Podríamos remontarnos varios siglos y encontrar escenas como estas en poblados lejanos, donde un hombre cualquiera escuchaba a otro que había vivido, padecido y observado cosas distintas. No para calcar sus movimientos, sino para integrarlos al arsenal de sus posibilidades. Algunos le llaman doctrina de la experiencia, porque no es vertical ni instructiva, ni de copy/paste, sino que resulta propositiva y opera como un insumo que el sujeto, luego, trasformará, adaptará y forjará de acuerdo a sus propias experiencias. La lección del tahúr (que parece tomada del catecismo de Luky Luciano: “En cualquier negocio lo más importante es no ser el muerto”) y la del maestro mecánico, son síntesis de un saber particular surgido de sus propios dilemas, de sus propias necesidades, donde no caben fórmulas infalibles ni consignas incuestionables. Sus anécdotas dan cuenta del propio descubrimiento del mundo y de las cosas, no de un develamiento del saber al que asistieron en jornada matutina y de acuerdo a pautas curriculares.

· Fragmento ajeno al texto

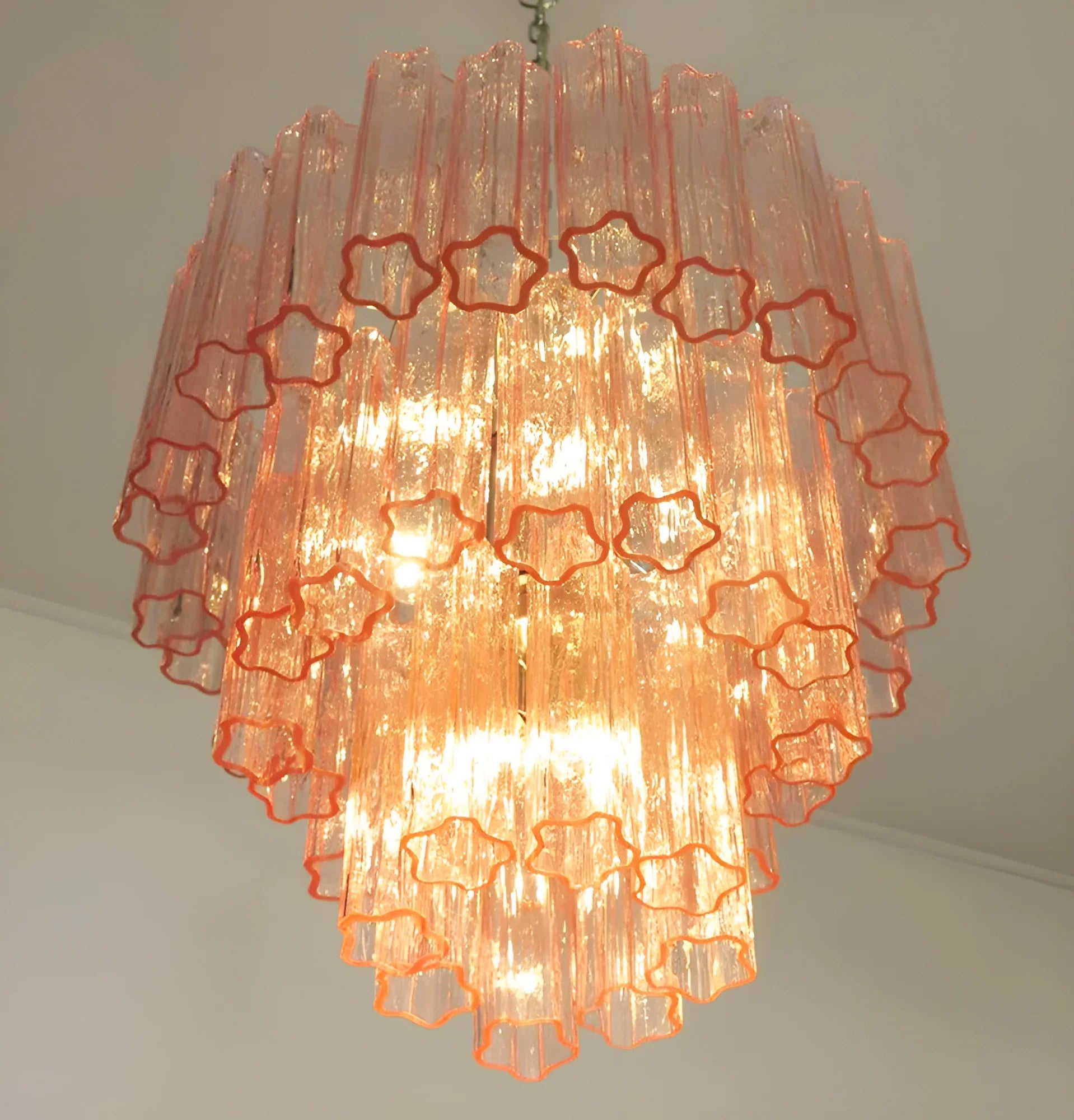 Elegant Pink Murano Glass Tube Chandelier 25.6"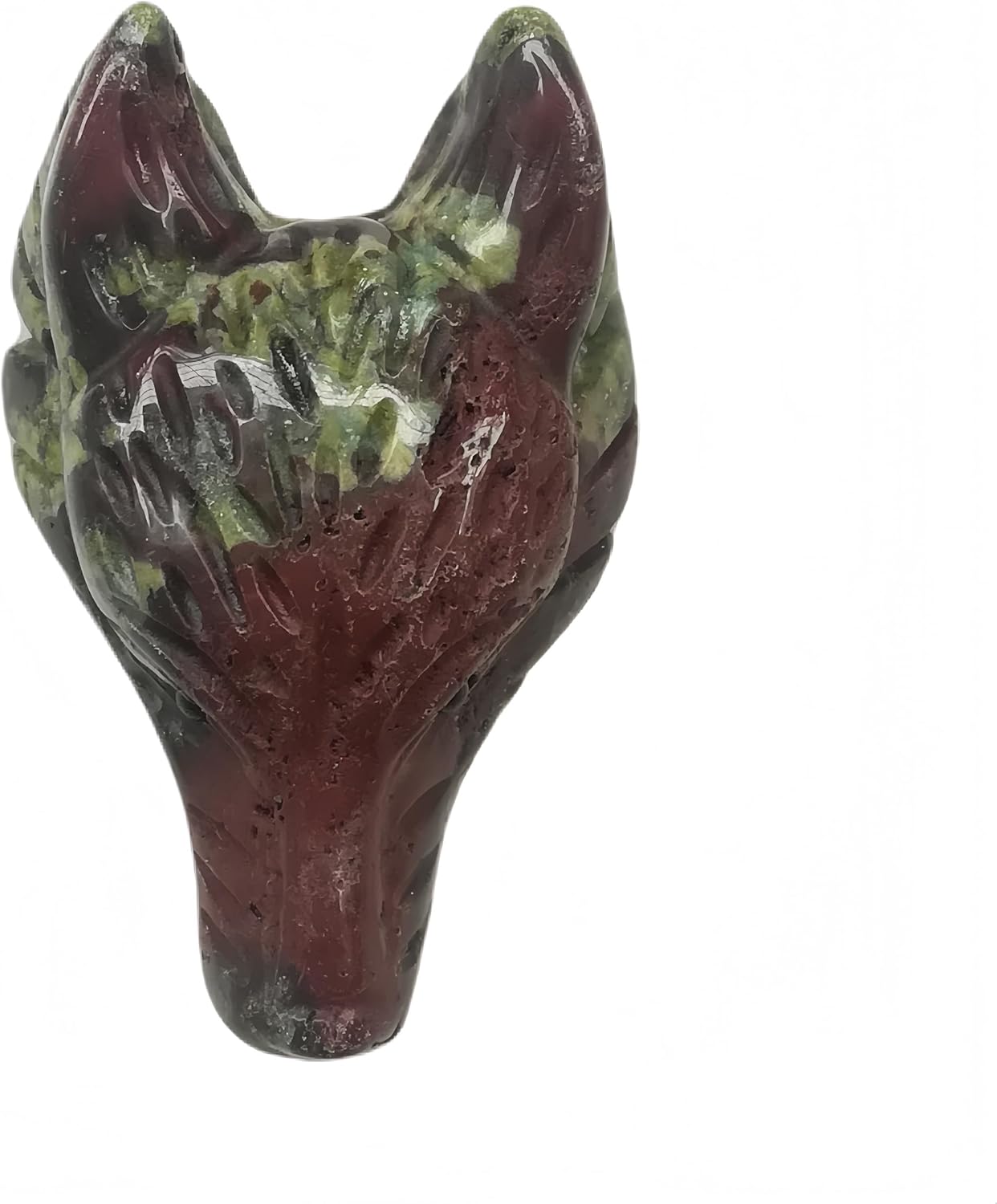 Natural Rhodonite Wolf Head Crystals and Healing Stone Figurine,1.57 Inchs Norse Mythology Protection Indoor Decorative Stone,Haped DIY-Jewelry Pendant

En tiempos donde los ingenios digitales encandilan como las máquinas de Rube Goldberg, esos artificios mecánicos que mantienen subyugado al espectador hasta la última reacción en cadena, tal vez la función del maestro consista en subvertir la máquina, en proponer variaciones imposibles que cada cual deba plantear y superar; tal vez se trate de dejar entrar el mundo por todos esos dispositivos y pantallas y perderse en él sin respuestas ni ideas claras. Hay que recuperar el instinto. Se trata de conocerse de primera mano y aprender para qué somos buenos y no para qué deberíamos serlo. Porque las cosas se viven, se sienten y se saben para evitar los problemas y no para salir de ellos. Hay que dejar de lado las certezas. Hay que evitar ser el tonto y también el muerto.